In early 2001, the eminent sociologist Andre Beteille wrote, what seems to me, a misguided piece on race, caste and discrimination. This was a time when the UN and concerned groups, in an effort to combat manufactured deprivation and social alienation, sought to broaden our understanding of racism by incorporating within its rubric not only deprivation born of biology, but also of social discrimination of other kinds which shared an affinity with racism. The aim, it seemed, was to shock and shame the practitioners and preservers of discrimination—whatever its form—into relinquishing their practices; this was sought to be achieved by capitalizing on the infamy of racism—in that sense, it was a political act. The aim was also to provide victims a collective, strong and common platform to raise their voices against the dominating discursiveness of awesome, often hidden, power. Beteille’s essential argument, however, was that science had effectively debunked the ideas and problematics of race; that scientific opinion on the matter was settled: race was merely a biological category peppered with physical markers and possessing scientific ‘ambiguities’; it was hived-off forcefully from the social categories and deprivations arising out of language, religion, styles of life and status. Any attempts to combine these categories, or to even interrogate their unlikely commonalities were apocalyptically warned-off by the sociologist as dangerous, ‘worthless’ and ‘scientifically nonsense’: “In doing so [the UN] is bound to give a new lease of life to the old and discredited notion of race current a hundred years ago…I am now convinced that identifying the races in the population of India will be an exercise in futility” (emphasis added).
But things are never so simple as the fantastic, clearly demarcated categories of elementary anthropology. What we are witnessing today with the mass-exodus of persons eastwards is the culmination of this process of the intermingling of biological racism and social discrimination—a culmination that Beteille off-handedly dismissed as popular prejudice which was, however, unscientific and unpardonable when it came to the UN; it is indeed the proverbial coming-home-to-roost of the unresolved problems of ‘race, language and culture’ that Beteille so triumphantly suggested to be resolved anthropologically.
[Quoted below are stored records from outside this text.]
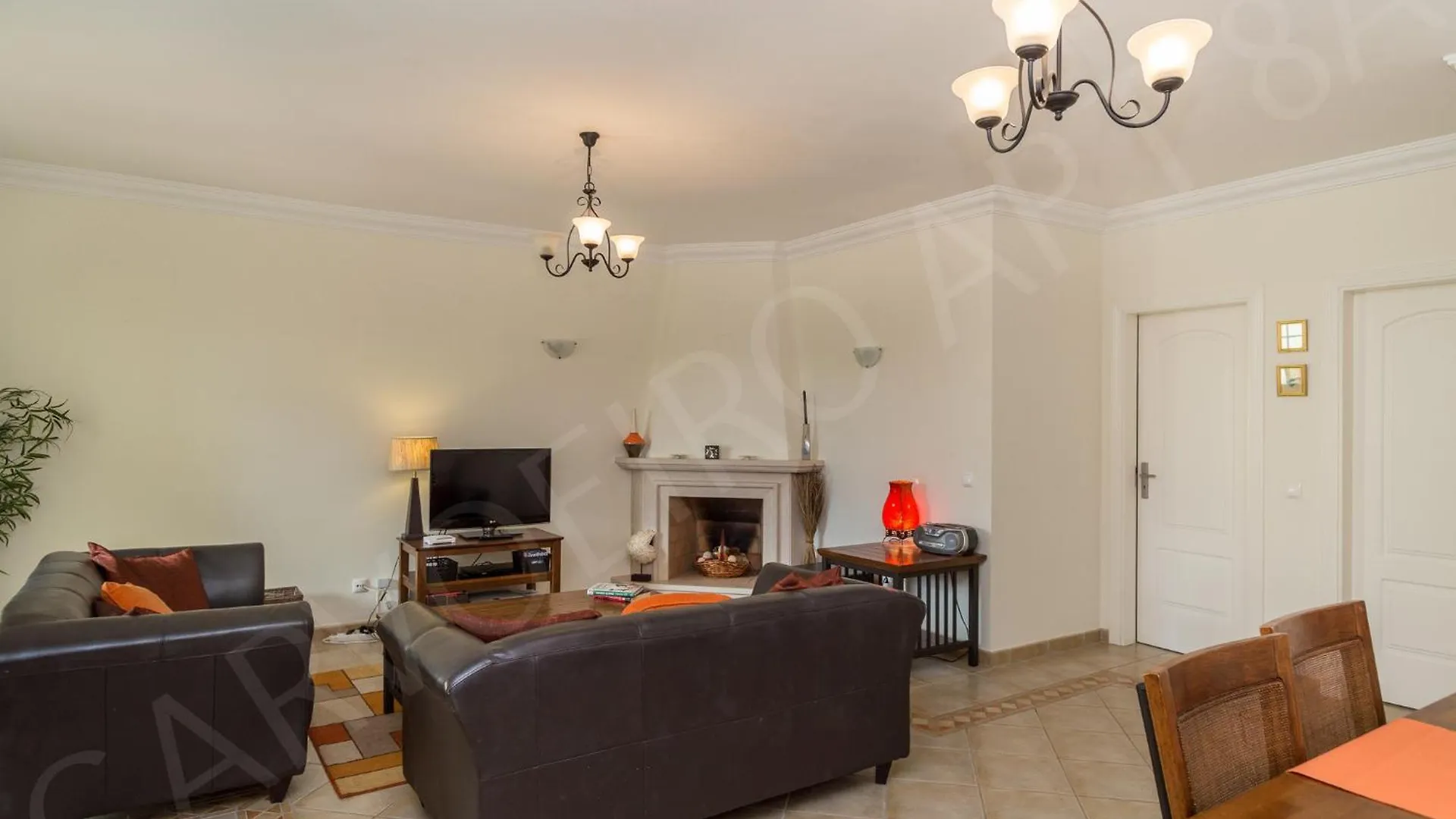 Carvoeiro 8A Apartment Carvoeiro (Lagoa)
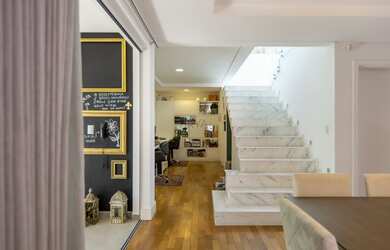 Imagem 11: Casa em condomínio no bairro Santa Felicidade - ARYA 1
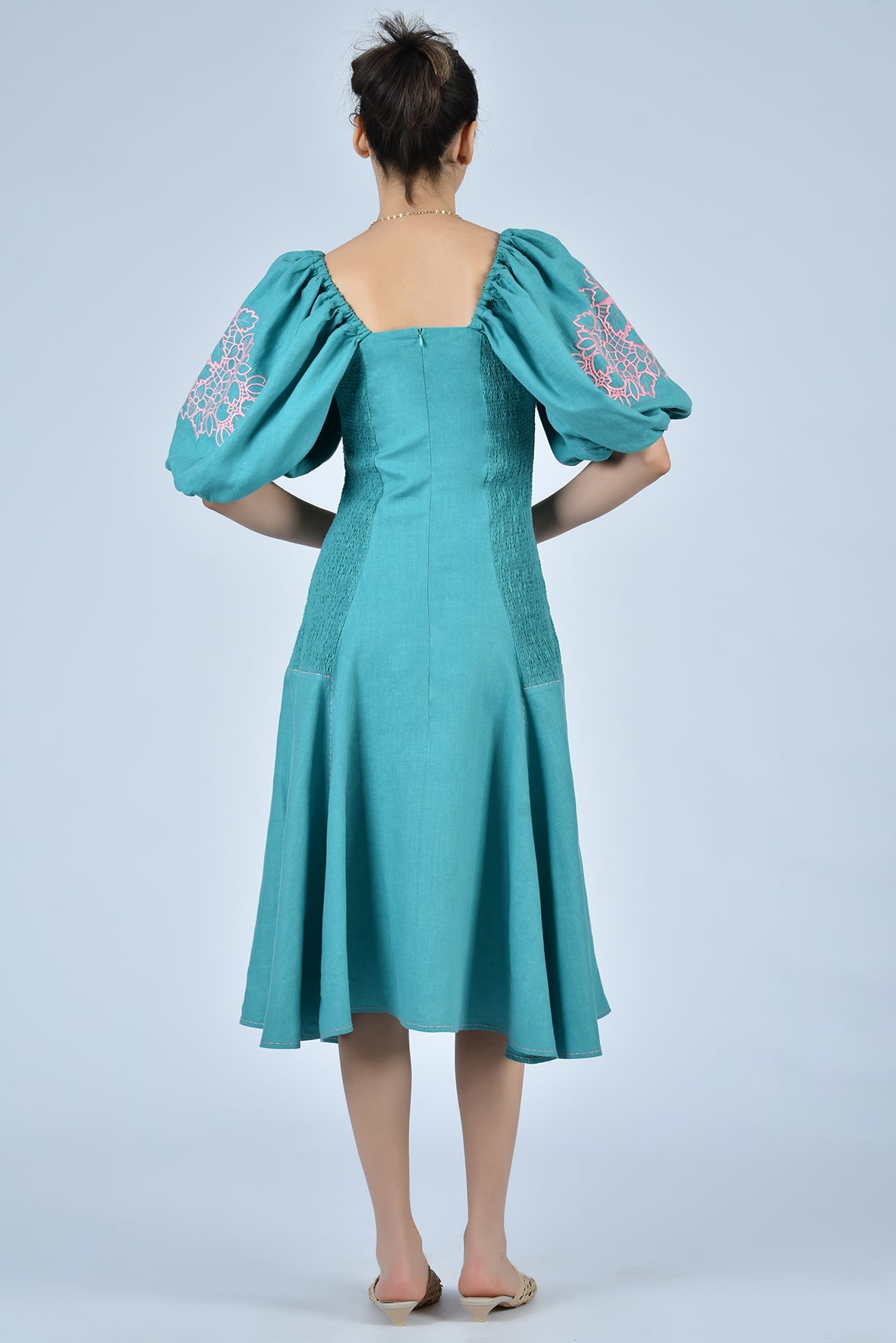 IDAHO DRESS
What we are seeing today with the ‘north-east scare’ is a culmination born in the womb of everyday life, where social and cultural discrimination is predicated upon a very directly visible physical racism, with both circulating in the experience of the everyday. What may be scientifically bunkum may still be socially potent (a potency that the UN sought to neuter), and the precipitate of a collective racism against the north-east, now culminating in the exodus of people home, is a compelling, if late, reminder of the perils of being unable to live with physical and cultural difference. The apotheosis of this collective, banal racism was seen so flagrantly during the Chinese premier’s visit last year, when ‘north-eastern looking’ people were prevented from even being proximate to the leader’s residence at the ITC-Maurya/Taj-Palace luxury complex out of fear that they may protest in support of the cause of Tibet. If the corridors of power and the arms of the state sanction such abusive instances of corrosive action (instances that may be ethnographically recorded and infinitely replicated in the nooks and crannies of urban life), is it difficult to imagine the sheer violence of the quotidian? The ‘metaphor of race’ is, indeed, a dangerous weapon; more so when—in the hubristic celebration of scientific opinion—we forget its corrosive effects on the milieu I’m trying to portray here as the social. What people think with categories, and what they do with them in lived life, is just as vital.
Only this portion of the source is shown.